Minnesota’s history of prohibiting gay marriage

Jon Collins

The recent piece on the passage of Proposition 8 and other marriage bans dealt mostly with the local gay community’s reaction, rather than the status or history of gay marriage bans themselves.

Here in Minnesota the controversy is a little more than 35 years old, according to the Minnesota Legislative Reference Library.

In 1971 the Minnesota Supreme Court was one of the first in the nation to rule that Minnesota statutes prohibited gay marriage in Baker v Nelson.

Minnesota’s defense of marriage act was passed in 1997, the statute states that "lawful marriage may be contracted only between persons of the opposite sex."

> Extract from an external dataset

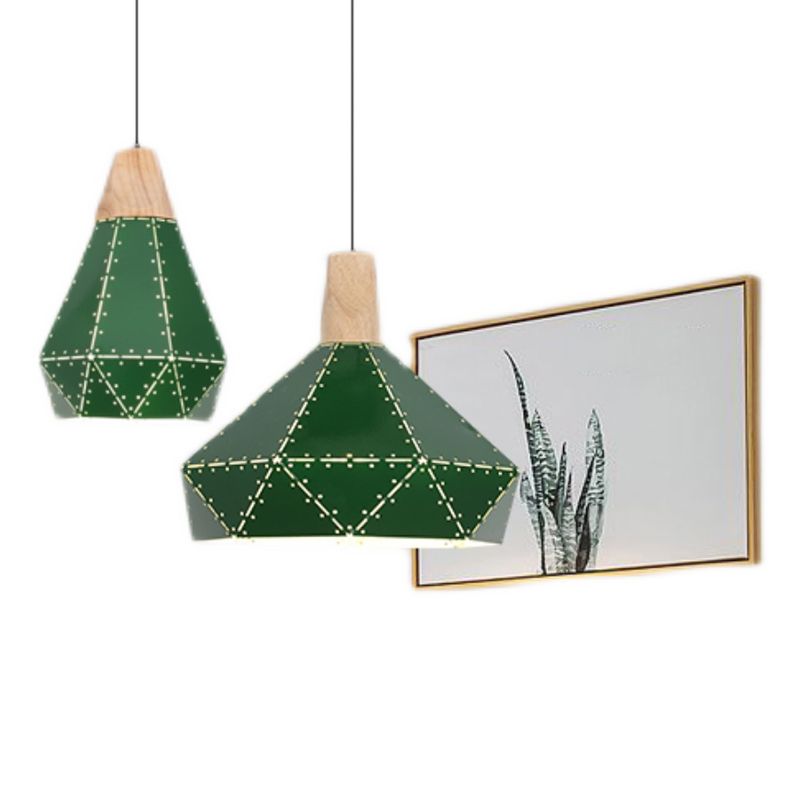 Lampada a sospensione verde a bulbina singola Metal Geometric Luce sospesa per sala da pranzo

After the Massachusetts Supreme Court ruled that laws banning gay marriage were unconstitutional in 2003, states moved to amend their constitutions (that way, it’s not unconstitutional anymore).

Attempts were made to pass the constitutional ban in the years between 2004 and 2006 in Minnesota, although each one failed.

After one failure, the group now known as Minnesota Majority, a conservative group, circulated a  "defense of marriage pledge" supporting a constitutional ban in 2004; it was signed by Rep. Michelle Bachmann, and Gov. Tim Pawlenty among others.

Efforts at gay marriage bans are countered by activism from groups like Project 515 based in Minneapolis; the group is named for 515 Minnesota statutes that treat gay people differently than straight people.